Large Language Models (LLMs) have been reported to have strong performance on natural language processing tasks. However, performance metrics such as accuracy do not measure the quality of the model in terms of its ability to robustly represent complex linguistic structure. In this paper, focusing on the ability of language models to represent syntax, we propose a framework to assess the consistency and robustness of linguistic representations. To this end, we introduce measures of robustness of neural network models that leverage recent advances in extracting linguistic constructs from LLMs via probing tasks, i.e., simple tasks used to extract meaningful information about a single facet of a language model, such as syntax reconstruction and root identification. Empirically, we study the performance of four LLMs across six different corpora on the proposed robustness measures by analysing their performance and robustness with respect to syntax-preserving perturbations.
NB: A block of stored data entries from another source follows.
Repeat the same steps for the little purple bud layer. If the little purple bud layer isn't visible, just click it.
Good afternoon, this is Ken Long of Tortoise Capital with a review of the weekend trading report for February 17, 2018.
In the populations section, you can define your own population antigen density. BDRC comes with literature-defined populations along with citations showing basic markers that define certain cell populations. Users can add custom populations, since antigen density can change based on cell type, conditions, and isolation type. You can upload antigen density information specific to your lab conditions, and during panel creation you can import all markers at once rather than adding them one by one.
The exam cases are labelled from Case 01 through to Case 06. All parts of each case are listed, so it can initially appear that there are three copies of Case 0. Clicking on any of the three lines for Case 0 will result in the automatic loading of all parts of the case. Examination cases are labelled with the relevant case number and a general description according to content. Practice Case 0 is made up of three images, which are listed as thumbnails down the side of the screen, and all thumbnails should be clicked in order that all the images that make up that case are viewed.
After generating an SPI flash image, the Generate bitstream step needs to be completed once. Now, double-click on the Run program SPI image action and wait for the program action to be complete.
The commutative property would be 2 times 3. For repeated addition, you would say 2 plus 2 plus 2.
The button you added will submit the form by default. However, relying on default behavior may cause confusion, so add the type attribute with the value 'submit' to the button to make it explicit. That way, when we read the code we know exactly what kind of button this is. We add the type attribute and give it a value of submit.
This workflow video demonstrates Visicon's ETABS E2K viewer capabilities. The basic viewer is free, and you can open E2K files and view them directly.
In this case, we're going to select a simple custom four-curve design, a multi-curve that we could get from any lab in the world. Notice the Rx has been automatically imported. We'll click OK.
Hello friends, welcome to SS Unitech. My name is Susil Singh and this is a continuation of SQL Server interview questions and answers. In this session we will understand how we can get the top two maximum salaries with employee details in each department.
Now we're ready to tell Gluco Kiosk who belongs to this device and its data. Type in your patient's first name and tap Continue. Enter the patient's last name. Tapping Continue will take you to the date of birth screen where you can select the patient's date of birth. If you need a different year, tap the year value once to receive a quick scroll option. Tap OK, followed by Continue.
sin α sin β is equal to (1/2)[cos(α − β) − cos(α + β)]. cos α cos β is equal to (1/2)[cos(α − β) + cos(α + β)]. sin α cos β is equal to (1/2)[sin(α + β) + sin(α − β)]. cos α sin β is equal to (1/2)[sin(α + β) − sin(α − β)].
We provide evidence that context-free representation (e.g., GloVe) are in some cases competitive with context-dependent representations from modern LLMs (e.g., BERT), yet equally brittle to syntax-preserving perturbations. Our key observation is that emergent syntactic representations in neural networks are brittle. We make the code, trained models and logs available to the community as a contribution to the debate about the capabilities of LLMs.
翻译:神经网络中新兴的语言结构是脆弱的
摘要:据报道,大型语言模型在自然语言处理任务中表现出强大的性能。然而,准确度等性能指标并不衡量模型在代表复杂语言结构方面的能力是否具有稳健性。因此,本文提出了一个框架来评估语言模型的表征一致性和稳定性,以语法表示能力为焦点。为此,我们在最近的提取语言模型中的有意义的信息和语言结构方面取得的进展的基础上,引入了利用探测任务的神经网络模型的稳健性度量,即用于从语言模型中提取单个方面有意义信息的简单任务,例如句法重构和根识别。经验性地,我们通过分析四种LLM(Large Language Models)对六种不同语料库的表现和稳健性,以及语法保持扰动,研究了提出的稳健性度量的性能。我们提供证据表明,上下文无关表示(例如GloVe)在某些情况下与现代LLM(例如BERT)的上下文相关表示相当竞争,但同样脆弱于语法保持扰动。我们的主要观察是,神经网络中的新兴句法表示是脆弱的。我们将代码,训练模型和日志提供给社区,作为对LLM能力讨论的贡献。